De aquella época en la que las salvajadas escénicas estaban a la orden del día conserva la irreverencia y el bagaje de quien se sabe mejor que otros muchos que llegaron después que él para apropiarse de sus hallazgos. En su afán por compartimentar una etapa que ocupó una decena de discos, directos y recopilaciones aparte, de otra que hasta el momento solo ha fructificado en dos trabajos -vendrán más, estamos seguros de ello-, desempolvó su mejor armamento musical e instrumental: ahora gira con algunos de los tesoros de su colección, una Fender Jazzmaster azul cielo que le permite combinar repertorio antiguo y contemporáneo, y algunas otras guitarras acústicas con varios anillos de edad impresos en su madera. Suficiente para imponer respeto e insuflar autoridad. Los Magníficos son una banda mucho más joven que él, con la salvedad del señor Belaustegui en la batería, ya curtido en años de ilegalidad, pero con la entidad precisa para respaldar con vientos, contrabajos, teclados y cuerdas secundarias una ruta desviada hacia la sorpresa para quien acudiera a la sala a escuchar un concierto de rock and roll. Claro que habría que redefinir el concepto de rock and roll antes de nada. Por eso cuando grabaron «Nuevo rumbo» buscaban justamente eso, abrir un set list con «Toda una vida» y «Bésame mucho» (sí, los Beatles también la tocaban en la intimidad, y hay grabaciones piratas que lo atestiguan), recordar las enseñanzas de boleros, cha-cha-chás y joropos en la tradición musical hispana y echarnos en cara lo sordos que hemos estado -y que muchos seguirán estando- durante siglos de interconexión sonora. En esas primeras lecciones también incluían a Adriano Celentano y su maravillosa «Si é spento il sole», una demostración de pop a la italiana que los situaba en la década de los 50 donde ahora radiografían el twist casi en exclusiva en un proteínico Guateque del hombre lobo que ya les permite alguna floritura eléctrica.

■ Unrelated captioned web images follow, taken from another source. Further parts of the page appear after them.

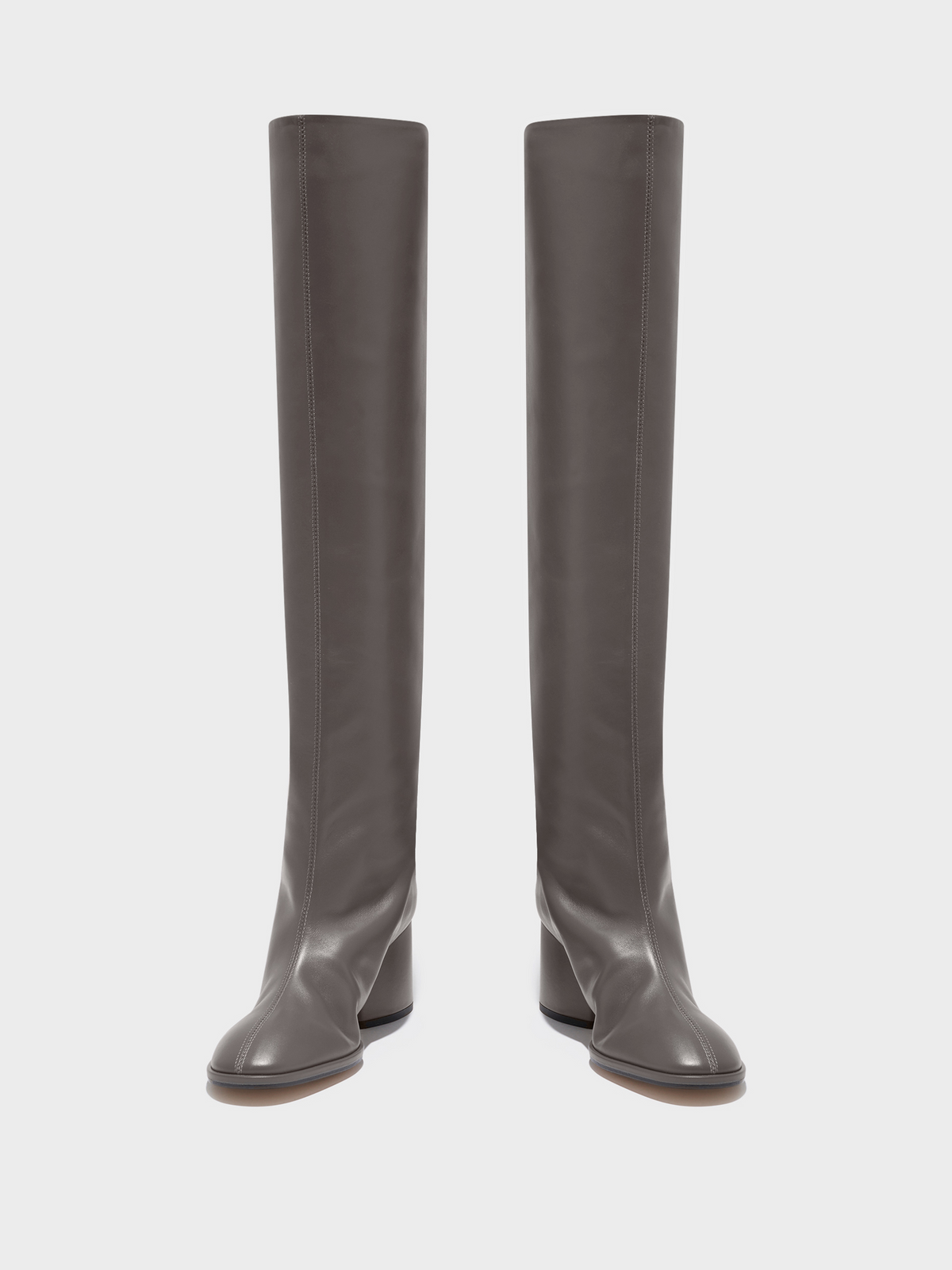Almut Knee-High Boots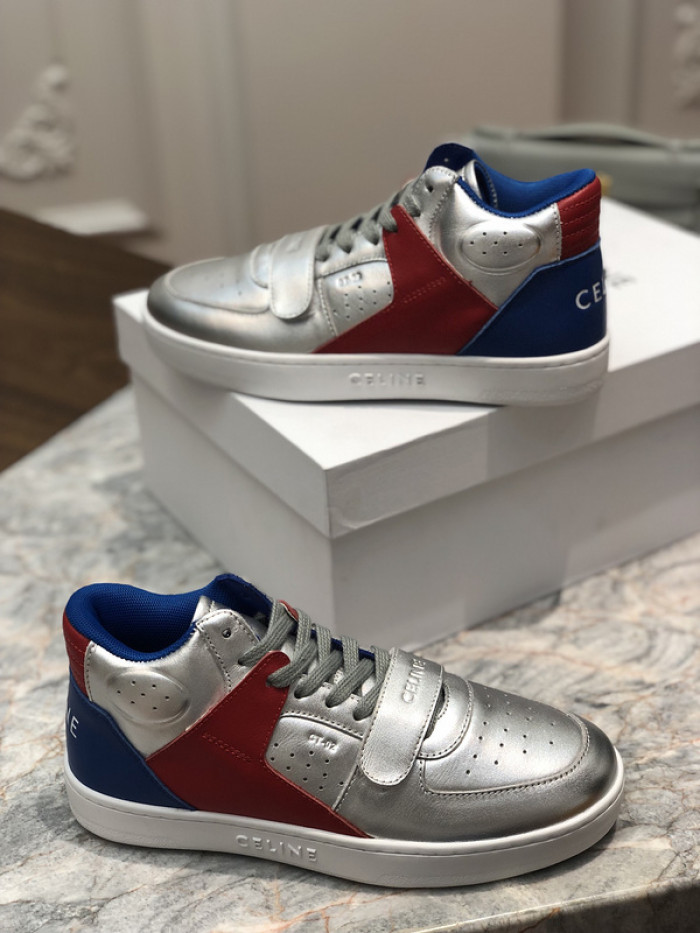 clin sneaker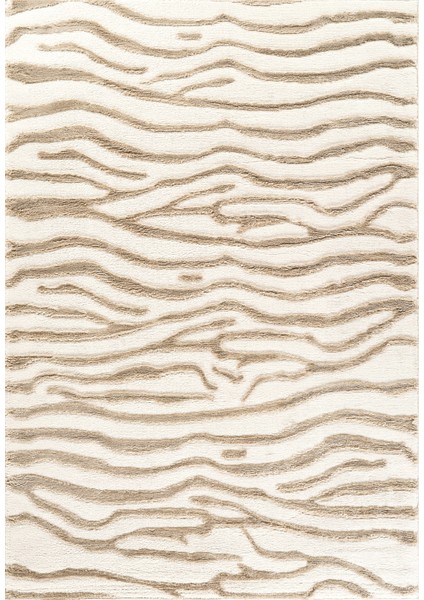 7/24 Plushy Meknes Bej 80X300 cm fiyatları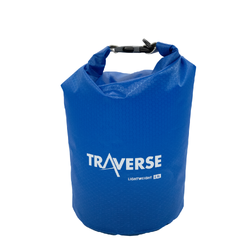 Traverse Lightweight Dry Bag - 2.5L - Blue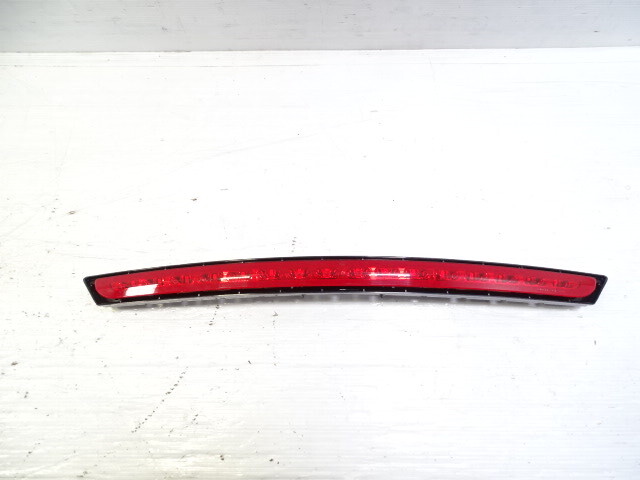 Mercedes R172 SLK350 SLK250 lamp, third brake light, 1729065500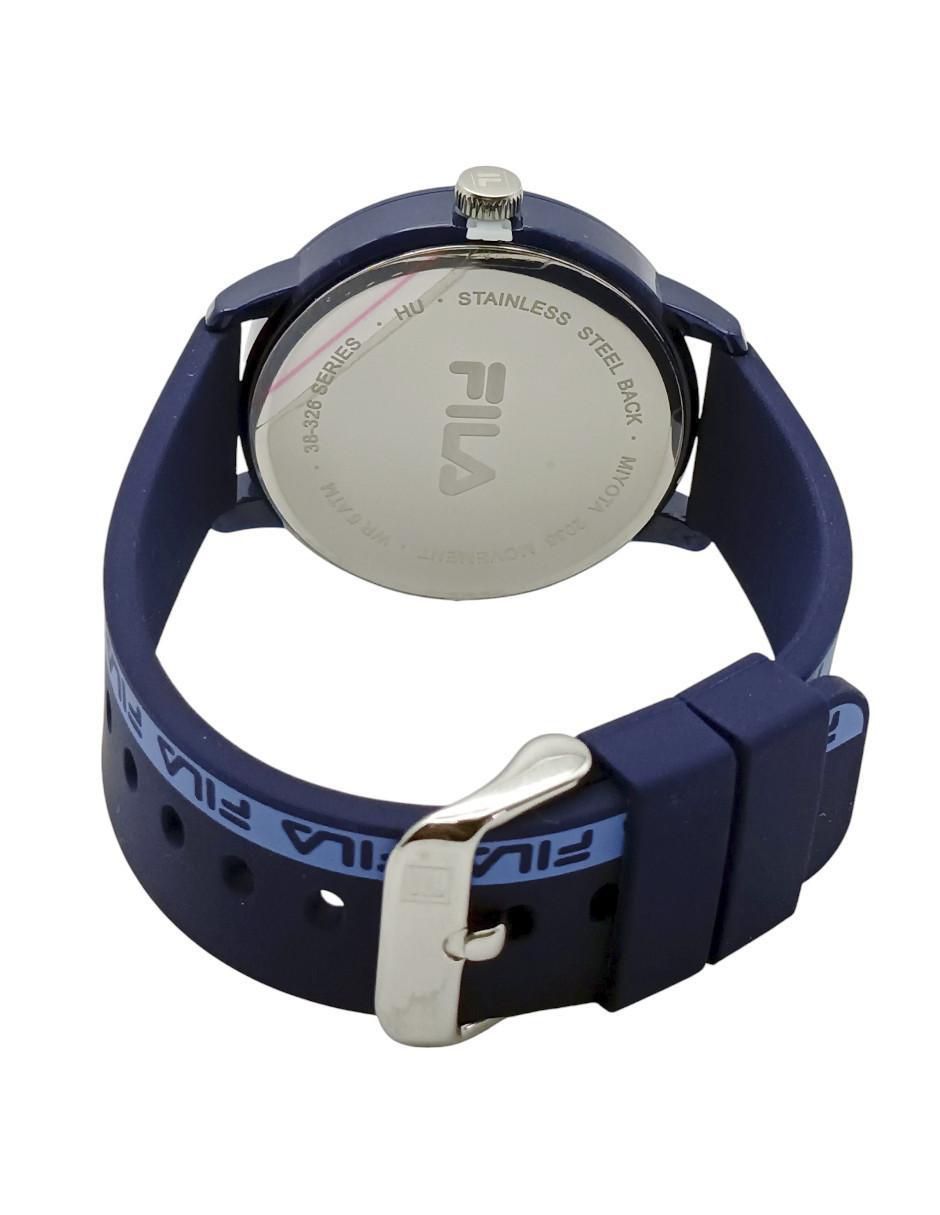 Reloj style para hombre 38-326-001 2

El banquete a ciertas alturas de la noche ya empieza a digerirse en plenitud, y a ello contribuye una fenomenal revisión del hoy olvidado Palito Ortega en «Despeinada», un despliegue rítmico de lo más estimulante, el brindis con el pionero Little Richard en «La plaga», tradicional versión de la fantástica «Good Golly Miss Molly» y la rendición al patriarca Miguel Ríos en «Popotitos», a su vez adicto al rock transoceánico que practicaban los Teen Tops. Como se comprobará, cruces de géneros, artistas y latitudes con un nexo común, el de la pura y dura inercia rockera, que les acerca aún a episodios pasados que perfectamente encajarían en el presente discurso,  así de actuales suenan «La fiesta» y «El piloto», en pleno ataque de nostalgia ilegal. Eso es en esencia don Jorge, un rockero de corazón duro y maneras agresivas (nos ahorramos las perlas que soltó a lo largo de la noche, y durante los tragos que compartimos con él previos al show) que demuestra tenerlos cuadrados para afrontar una aventura tan peculiar con un mínimo de garantías. Como él asegura, puede afrontarla porque la economía por ahora le permite rodearse de los mejores músicos posibles, y ojalá que las vacas flacas sigan pastando fuera de esta magnífica granja. Su dueño nunca tuvo un rebaño al que comandar, simplemente se planta ante un micrófono, afina una guitarra e imparte cátedra. Bienvenidos al guateque.